A remake of the highly regarded 2009 foreign film, Secret in Their Eyes assembles a first rate cast and a nicely told mystery. The film stars Nicole Kidman, Julia Roberts and Chiwetel Ejiofor as characters who all have history together, and are reunited when Ray (Ejiofor) insist the case be reinvestigated. Kidman plays Claire Sloan. She’s an assistant DA who has the kind of pull that Ray needs to try and solve a murder case. The story jumps back and forth in time to present and thirteen years prior when Jessica Cobb’s (Roberts) daughter has been found murdered. The two timelines run together throughout the entire movie, and can be a bit confusing at times. The earlier part focuses more on the initial murder case while the present day focuses on trying to catch the murderer.
The film was a bit overlooked when in arrived in theaters this past November. Critics were quick to call inferior to the original. While the original is a great film, I still think this version stands on its own. After all, some people don’t care for subtitles, and I look at this as simply an American update on a foreign film more than a remake. While certain elements have been tinkered with, the film follows the plot of the original pretty closely. It’s such a great, intriguing story that little needed to be changed. I might have a different take on matters since this was the version I saw first, but I cared enough about the characters and the outcome that it made the journey worth taking.

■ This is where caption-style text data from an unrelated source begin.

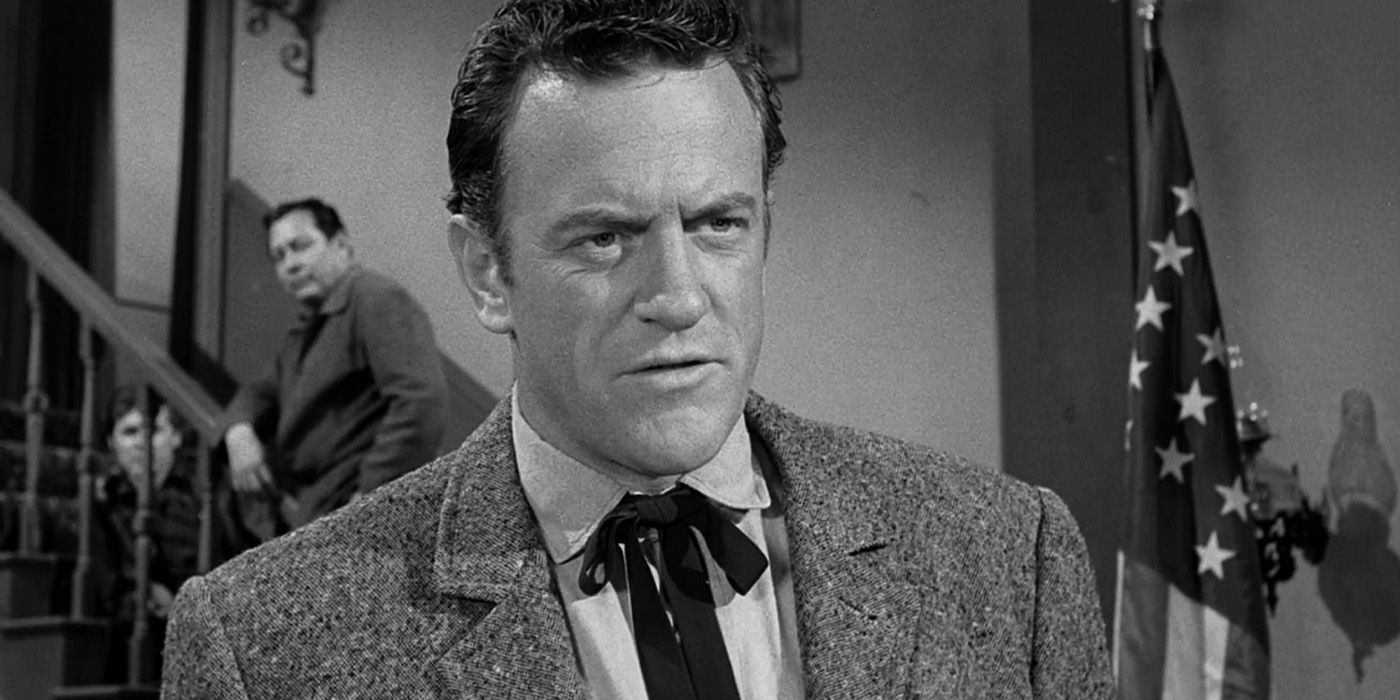 Marshal Matt Dillon (James Arness) testifies in court in the 'Gunsmoke' episode "The Gallows."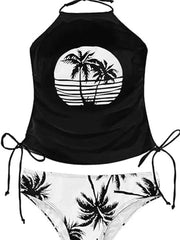 2026 Black Top with White Palm Print Halter Tankini with Side Tie Bikini Bottom Two-Piece Swimsuit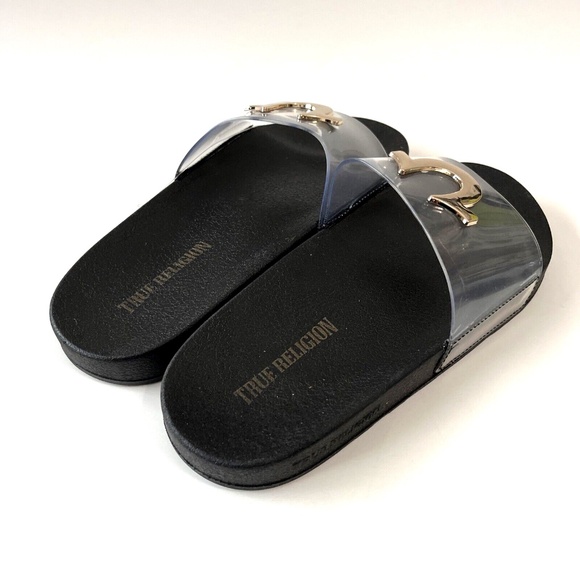NWOB True Religion Elle Clear Slide Sandals Black Gold Logo - Picture 5 of 8
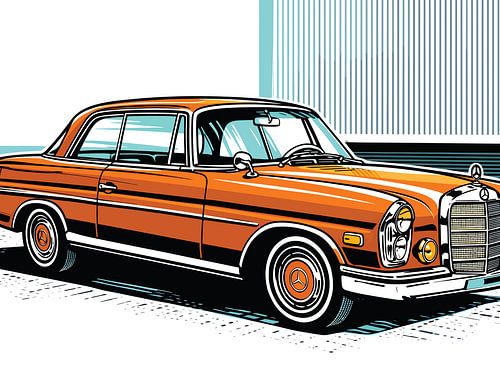 Retro klassieke cabriolet met popartportret aan de zijkant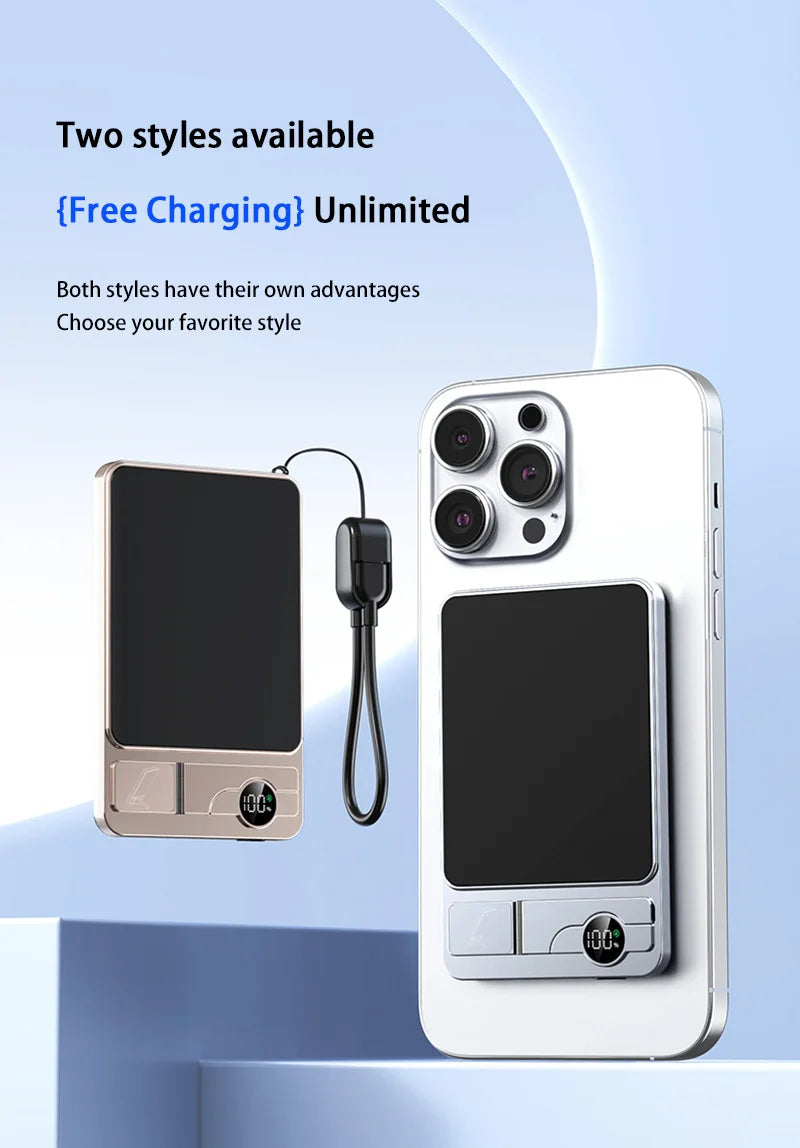 Ultra Slim Magnetic Wireless Power Bank | Fast Charging Portable Battery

As mentioned earlier, a point is made that these characters have a strong history together. Ray always had a thing for Claire, but that’s complicated when she’s engaged. Jess and Ray also were partners before tragedy struck, and that makes the investigation personal for Ray as well. By the time the big reveal comes, I can say the film had me. Again, those that have seen the original film will have an idea of where things are headed, but it caught me off guard. The film isn’t perfect. There are times when the story could’ve been tightened a bit, but overall it flows very nicely and gives attention to character development. There are some chase scenes, but the film is more of an intimate story than an action flick. It resonates after it had ended and therefore comes recommended.
Video: How’s it look?
To say that this movie is dark and, well, bland is something of an understatement. Universal brings this upbeat comedy, whoops…wrong movie, to Blu-ray sporting a very wide and luscious 2.40:1 AVC HD image. It’s dark man – dark. If you’re looking to see Julia Roberts in all of her curly-haired glory, look somewhere else. I’m pleased to say that Nicole Kidman looks as dashing as ever and the detail showcases her porcelain skin like none other. The overall tone of the film is, as you’ve guessed by now, very dark. Contrast is steady and solid and black levels don’t seem to be an issue with movement or blocking. Not like we’d expect that from a new to Blu-ray film. Some of the sweeping visuals of the city showcase some nice sights, but on the whole this isn’t a bright and cheery affair. It’s nice-looking for sure, but nothing too terribly memorable.
Audio: How’s it sound?
The DTS HD Master Audio sound mix does its job and does it well. Though I can’t recall too many instances in which the sound really managed to impress me, I will say that it’s just a nice solid track. Vocals are pure, with Chiwetel Ejiofor’s deep voice leading the way. Surrounds are present and have a few moments of glory, but by and large the front stage does the job here. The subtle, nuanced score creates some varied moods but the front stage, coupled with the center channel are what drives this one.
Supplements: What are the extras?
- Adapting the Story for Today’s World – I’d like to have seen a more lengthy version of this, but all we really get is a 2 minute montage of clips with some explanation by Billy Ray who discusses of remaking the Academy Award-winning film.
- Julia Roberts Discusses Her Most Challenging Role – This isn’t necessarily Roberts discussing her role, namely a particular scene (and I won’t ruin the surprise for anyone) with references to how the scene was shot, how Roberts (and her character) would react and so forth. It’s interesting, but yet another pretty short feature running about three and a half minutes.
- Audio Commentary – Director/Screenwriter Billy Ray and Producer Mark Johnson sit down to discuss the film, the remake and some of the casting decisions. It’s actually far more interesting than I’d imagined and fans of the film will be glad that this track is on the disc.
The Bottom Line
While it doesn’t necessarily improve on the original film, Secret in Their Eyes is still a journey worth taking. It has an intriguing premise and a strong cast that make it worthwhile.